Оригинал: Черепанова Р. Светлое прошлое, мрачный застой: к вопросу о «переоценках» прошлого и «противоречиях» памяти (по материалам устных биографических интервью) // «Работа над прошлым»: XX век в коммуникации и памяти послевоенных поколений Германии и России. Челябинск, 2014. С. 156–163

Должна признаться, что с осторожностью отношусь к «большим» концептам, стремящимся социологизировать индивидуальный человечес­кий опыт, будь то концепт «поколения» или «коллективной памяти». За «большими» концептами, на мой взгляд, слишком маячит тень большой идеологии, а их приложение к конкретной человеческой судьбе трудно осуществить без натяжек.

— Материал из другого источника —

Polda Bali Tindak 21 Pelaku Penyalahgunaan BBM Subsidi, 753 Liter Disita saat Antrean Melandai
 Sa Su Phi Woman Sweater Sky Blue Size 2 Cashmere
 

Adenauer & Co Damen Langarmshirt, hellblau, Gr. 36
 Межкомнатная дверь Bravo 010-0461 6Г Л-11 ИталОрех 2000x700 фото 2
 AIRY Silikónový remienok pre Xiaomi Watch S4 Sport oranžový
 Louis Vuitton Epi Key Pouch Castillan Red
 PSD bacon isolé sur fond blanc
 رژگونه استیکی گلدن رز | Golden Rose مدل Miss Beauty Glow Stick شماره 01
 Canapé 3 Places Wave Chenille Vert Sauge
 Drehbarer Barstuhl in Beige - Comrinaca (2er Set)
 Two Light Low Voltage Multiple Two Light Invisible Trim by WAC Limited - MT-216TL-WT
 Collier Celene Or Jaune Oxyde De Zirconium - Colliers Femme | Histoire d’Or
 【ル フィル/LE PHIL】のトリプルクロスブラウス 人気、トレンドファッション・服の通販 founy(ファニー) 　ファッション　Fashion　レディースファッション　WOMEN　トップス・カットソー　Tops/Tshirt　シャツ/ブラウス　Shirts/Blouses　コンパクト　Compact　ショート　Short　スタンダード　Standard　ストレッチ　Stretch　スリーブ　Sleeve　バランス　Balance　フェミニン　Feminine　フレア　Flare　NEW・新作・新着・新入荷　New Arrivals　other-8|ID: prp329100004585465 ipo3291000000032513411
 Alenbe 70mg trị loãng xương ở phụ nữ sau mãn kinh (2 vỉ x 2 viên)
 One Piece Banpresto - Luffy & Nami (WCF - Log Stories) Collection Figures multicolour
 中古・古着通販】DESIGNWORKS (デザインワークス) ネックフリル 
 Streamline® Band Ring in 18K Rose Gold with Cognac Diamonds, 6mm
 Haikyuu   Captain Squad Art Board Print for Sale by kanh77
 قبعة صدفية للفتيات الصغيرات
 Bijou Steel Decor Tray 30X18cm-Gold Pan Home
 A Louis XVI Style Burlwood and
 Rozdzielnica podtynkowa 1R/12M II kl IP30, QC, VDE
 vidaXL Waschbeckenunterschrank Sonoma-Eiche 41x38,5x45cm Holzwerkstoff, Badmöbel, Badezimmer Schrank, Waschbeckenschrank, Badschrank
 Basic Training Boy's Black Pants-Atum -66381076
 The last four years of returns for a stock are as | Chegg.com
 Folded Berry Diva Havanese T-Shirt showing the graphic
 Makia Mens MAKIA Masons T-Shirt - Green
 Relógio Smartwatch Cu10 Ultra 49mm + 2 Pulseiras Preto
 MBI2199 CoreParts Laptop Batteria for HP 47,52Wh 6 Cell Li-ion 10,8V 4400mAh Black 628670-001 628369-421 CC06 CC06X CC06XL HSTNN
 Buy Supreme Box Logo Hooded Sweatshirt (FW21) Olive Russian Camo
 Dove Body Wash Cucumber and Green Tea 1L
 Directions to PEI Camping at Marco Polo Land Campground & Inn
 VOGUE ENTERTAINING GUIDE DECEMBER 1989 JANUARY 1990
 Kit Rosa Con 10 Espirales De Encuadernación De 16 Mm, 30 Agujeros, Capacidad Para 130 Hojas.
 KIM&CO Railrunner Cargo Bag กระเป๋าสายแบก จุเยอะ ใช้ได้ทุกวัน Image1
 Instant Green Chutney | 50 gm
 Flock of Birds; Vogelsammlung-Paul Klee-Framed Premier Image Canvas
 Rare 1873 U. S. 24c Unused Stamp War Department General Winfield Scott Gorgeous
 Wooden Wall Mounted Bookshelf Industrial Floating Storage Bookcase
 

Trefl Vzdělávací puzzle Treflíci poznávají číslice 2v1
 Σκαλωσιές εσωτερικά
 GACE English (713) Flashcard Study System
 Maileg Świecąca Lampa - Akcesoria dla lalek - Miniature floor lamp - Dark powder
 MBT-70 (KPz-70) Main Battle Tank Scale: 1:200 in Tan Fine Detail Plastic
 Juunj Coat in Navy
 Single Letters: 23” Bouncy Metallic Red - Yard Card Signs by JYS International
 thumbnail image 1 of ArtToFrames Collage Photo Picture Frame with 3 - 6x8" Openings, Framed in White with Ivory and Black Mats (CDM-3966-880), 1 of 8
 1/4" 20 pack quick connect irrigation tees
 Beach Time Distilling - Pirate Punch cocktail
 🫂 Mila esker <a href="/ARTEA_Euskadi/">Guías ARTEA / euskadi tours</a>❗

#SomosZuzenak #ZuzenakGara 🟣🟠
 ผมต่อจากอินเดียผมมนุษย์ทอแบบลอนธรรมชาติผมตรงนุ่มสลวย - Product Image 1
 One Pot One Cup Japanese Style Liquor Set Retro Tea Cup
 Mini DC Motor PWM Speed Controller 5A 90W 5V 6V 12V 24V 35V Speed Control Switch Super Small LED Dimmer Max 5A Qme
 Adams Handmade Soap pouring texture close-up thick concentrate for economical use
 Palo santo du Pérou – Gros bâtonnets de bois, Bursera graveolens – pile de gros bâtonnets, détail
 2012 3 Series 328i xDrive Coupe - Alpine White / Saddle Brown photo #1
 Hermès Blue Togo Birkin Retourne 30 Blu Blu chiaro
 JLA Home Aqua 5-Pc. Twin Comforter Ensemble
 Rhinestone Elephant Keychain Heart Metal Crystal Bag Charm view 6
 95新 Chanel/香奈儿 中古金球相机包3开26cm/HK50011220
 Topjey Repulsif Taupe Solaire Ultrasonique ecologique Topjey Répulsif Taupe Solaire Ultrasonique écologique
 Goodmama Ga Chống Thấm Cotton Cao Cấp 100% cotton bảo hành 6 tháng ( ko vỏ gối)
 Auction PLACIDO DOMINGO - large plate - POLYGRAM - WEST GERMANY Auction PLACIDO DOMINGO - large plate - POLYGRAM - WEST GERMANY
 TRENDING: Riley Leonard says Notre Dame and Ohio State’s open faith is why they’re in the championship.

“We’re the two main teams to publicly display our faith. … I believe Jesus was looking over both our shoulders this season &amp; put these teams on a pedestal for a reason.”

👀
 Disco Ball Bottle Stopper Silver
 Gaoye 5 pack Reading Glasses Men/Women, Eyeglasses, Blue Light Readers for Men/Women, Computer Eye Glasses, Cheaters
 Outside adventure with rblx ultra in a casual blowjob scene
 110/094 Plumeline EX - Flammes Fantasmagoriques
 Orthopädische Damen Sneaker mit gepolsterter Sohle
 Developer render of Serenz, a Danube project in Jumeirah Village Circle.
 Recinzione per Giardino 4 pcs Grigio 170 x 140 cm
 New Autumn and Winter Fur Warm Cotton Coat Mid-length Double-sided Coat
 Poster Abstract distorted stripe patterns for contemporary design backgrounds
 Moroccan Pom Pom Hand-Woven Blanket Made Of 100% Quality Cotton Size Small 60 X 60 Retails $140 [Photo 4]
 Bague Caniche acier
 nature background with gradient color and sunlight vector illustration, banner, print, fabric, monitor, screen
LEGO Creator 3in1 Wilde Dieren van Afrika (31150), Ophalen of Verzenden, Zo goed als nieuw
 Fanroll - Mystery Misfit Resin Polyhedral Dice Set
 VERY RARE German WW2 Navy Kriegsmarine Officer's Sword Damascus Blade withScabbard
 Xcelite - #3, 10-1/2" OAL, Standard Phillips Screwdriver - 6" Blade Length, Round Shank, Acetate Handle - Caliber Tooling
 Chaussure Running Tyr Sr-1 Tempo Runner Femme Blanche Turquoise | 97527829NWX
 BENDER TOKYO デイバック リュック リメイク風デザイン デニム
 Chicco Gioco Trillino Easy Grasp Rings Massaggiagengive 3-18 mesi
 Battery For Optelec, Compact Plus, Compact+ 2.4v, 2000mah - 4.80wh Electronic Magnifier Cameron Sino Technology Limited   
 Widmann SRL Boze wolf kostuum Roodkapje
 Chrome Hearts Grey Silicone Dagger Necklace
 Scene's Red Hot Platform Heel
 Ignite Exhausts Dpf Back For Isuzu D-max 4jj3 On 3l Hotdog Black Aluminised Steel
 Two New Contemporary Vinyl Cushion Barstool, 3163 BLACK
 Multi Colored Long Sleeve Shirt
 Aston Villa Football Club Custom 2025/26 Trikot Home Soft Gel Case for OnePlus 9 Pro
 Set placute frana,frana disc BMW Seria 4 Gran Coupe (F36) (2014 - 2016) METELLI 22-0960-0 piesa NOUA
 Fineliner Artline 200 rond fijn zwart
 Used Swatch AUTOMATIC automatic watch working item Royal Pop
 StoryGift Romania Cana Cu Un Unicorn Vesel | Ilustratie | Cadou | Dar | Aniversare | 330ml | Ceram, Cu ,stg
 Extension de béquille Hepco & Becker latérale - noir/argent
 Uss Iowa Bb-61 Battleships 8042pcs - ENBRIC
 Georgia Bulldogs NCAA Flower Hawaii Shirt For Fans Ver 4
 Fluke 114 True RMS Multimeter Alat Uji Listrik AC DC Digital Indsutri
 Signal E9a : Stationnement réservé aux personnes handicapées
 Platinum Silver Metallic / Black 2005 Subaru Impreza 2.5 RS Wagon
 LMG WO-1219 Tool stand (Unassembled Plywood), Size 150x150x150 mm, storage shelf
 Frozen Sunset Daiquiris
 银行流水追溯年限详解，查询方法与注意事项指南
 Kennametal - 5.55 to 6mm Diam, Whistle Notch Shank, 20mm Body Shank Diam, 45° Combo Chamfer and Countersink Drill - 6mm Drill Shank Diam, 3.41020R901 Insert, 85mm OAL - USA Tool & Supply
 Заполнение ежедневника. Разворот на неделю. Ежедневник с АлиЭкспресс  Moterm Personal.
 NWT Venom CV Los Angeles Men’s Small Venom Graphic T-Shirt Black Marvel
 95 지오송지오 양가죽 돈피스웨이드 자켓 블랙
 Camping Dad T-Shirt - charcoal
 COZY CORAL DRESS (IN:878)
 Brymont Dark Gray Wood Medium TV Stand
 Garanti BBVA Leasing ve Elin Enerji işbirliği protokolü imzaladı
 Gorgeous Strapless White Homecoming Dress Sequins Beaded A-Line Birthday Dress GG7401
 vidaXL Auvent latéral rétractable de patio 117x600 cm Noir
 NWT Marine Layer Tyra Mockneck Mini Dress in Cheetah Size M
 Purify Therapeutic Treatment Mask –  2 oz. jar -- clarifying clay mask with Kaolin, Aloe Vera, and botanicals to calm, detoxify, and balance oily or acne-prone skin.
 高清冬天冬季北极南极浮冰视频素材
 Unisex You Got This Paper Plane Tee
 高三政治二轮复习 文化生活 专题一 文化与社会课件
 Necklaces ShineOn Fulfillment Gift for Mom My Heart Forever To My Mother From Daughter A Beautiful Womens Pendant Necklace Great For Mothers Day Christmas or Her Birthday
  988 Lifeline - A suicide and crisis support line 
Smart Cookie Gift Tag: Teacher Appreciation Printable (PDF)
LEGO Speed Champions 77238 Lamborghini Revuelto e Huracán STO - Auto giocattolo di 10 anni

В самом деле, общность чего, каких культур­ных практик подразумевают люди, когда декларируют свою принадлеж­ность к одному поколению, несмотря на разницу в возрасте, в социаль­ном или национальном происхождении? Как можно вычленять и анализировать эти практики? В поисках ответа на этот вопрос мой соб­ственный «полевой» опыт в жанре устной истории привел меня к работе с тремя значимыми опциями, о которых я намереваюсь рассказать на примере анализа противоречий памяти в устных биографических ин­тервью.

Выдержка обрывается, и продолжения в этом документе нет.